What to produce: Everything in the listing below from the line containing "Chemise de nuit" through the line containing "Imagem Apartamento com" must be repeated exactly; the remaining lines are not wanted.
*** Opening of The data ***
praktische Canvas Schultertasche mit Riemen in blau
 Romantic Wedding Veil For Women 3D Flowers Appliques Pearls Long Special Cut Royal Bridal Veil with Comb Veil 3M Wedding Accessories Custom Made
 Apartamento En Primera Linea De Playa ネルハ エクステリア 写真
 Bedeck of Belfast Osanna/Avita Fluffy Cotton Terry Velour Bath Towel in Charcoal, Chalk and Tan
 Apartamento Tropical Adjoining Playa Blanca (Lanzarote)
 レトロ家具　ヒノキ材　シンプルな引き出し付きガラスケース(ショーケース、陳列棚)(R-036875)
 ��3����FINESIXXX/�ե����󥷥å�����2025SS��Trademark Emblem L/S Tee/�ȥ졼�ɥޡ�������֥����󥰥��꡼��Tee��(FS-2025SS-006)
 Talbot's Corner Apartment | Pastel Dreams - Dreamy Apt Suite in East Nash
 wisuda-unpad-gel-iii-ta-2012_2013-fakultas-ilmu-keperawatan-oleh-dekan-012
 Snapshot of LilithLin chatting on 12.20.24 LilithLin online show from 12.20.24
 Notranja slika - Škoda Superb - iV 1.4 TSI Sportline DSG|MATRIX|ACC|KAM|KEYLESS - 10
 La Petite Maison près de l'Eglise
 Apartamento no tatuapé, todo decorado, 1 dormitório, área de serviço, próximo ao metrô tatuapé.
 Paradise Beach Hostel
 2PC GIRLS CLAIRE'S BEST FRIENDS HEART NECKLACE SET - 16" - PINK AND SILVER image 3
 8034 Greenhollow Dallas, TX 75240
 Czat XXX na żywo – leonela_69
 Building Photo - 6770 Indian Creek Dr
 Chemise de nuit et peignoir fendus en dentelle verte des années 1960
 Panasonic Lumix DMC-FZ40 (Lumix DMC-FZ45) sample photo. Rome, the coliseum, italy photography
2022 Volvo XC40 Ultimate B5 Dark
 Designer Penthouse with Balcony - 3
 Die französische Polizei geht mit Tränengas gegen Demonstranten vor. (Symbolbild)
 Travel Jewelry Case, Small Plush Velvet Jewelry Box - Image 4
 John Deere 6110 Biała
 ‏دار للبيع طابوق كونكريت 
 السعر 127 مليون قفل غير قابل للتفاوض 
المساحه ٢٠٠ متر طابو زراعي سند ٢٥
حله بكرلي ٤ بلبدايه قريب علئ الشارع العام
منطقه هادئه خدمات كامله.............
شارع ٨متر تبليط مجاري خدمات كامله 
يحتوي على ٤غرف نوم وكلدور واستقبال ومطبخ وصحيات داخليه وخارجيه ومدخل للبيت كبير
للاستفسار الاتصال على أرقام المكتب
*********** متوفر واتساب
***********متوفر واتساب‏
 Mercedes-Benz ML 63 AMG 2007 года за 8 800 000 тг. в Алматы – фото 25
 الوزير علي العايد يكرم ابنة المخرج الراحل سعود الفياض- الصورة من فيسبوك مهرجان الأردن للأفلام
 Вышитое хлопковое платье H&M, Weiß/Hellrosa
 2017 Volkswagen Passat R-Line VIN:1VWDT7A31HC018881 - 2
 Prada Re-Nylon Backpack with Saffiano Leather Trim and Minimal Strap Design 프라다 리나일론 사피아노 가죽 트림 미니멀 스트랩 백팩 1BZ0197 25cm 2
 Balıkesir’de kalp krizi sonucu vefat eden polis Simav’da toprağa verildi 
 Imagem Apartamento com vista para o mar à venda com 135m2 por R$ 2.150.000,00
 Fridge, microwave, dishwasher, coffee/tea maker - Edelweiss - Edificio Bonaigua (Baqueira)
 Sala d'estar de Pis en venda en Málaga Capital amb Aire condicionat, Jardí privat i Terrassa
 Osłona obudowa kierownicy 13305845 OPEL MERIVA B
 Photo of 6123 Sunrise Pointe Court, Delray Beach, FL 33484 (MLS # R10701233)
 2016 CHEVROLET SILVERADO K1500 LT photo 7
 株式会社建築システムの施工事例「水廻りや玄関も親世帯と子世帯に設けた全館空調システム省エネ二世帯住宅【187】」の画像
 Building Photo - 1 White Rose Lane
*** Close of The data ***
Completed exercise:
 Chemise de nuit et peignoir fendus en dentelle verte des années 1960
 Panasonic Lumix DMC-FZ40 (Lumix DMC-FZ45) sample photo. Rome, the coliseum, italy photography
2022 Volvo XC40 Ultimate B5 Dark
 Designer Penthouse with Balcony - 3
 Die französische Polizei geht mit Tränengas gegen Demonstranten vor. (Symbolbild)
 Travel Jewelry Case, Small Plush Velvet Jewelry Box - Image 4
 John Deere 6110 Biała
 ‏دار للبيع طابوق كونكريت 
 السعر 127 مليون قفل غير قابل للتفاوض 
المساحه ٢٠٠ متر طابو زراعي سند ٢٥
حله بكرلي ٤ بلبدايه قريب علئ الشارع العام
منطقه هادئه خدمات كامله.............
شارع ٨متر تبليط مجاري خدمات كامله 
يحتوي على ٤غرف نوم وكلدور واستقبال ومطبخ وصحيات داخليه وخارجيه ومدخل للبيت كبير
للاستفسار الاتصال على أرقام المكتب
*********** متوفر واتساب
***********متوفر واتساب‏
 Mercedes-Benz ML 63 AMG 2007 года за 8 800 000 тг. в Алматы – фото 25
 الوزير علي العايد يكرم ابنة المخرج الراحل سعود الفياض- الصورة من فيسبوك مهرجان الأردن للأفلام
 Вышитое хлопковое платье H&M, Weiß/Hellrosa
 2017 Volkswagen Passat R-Line VIN:1VWDT7A31HC018881 - 2
 Prada Re-Nylon Backpack with Saffiano Leather Trim and Minimal Strap Design 프라다 리나일론 사피아노 가죽 트림 미니멀 스트랩 백팩 1BZ0197 25cm 2
 Balıkesir’de kalp krizi sonucu vefat eden polis Simav’da toprağa verildi 
 Imagem Apartamento com vista para o mar à venda com 135m2 por R$ 2.150.000,00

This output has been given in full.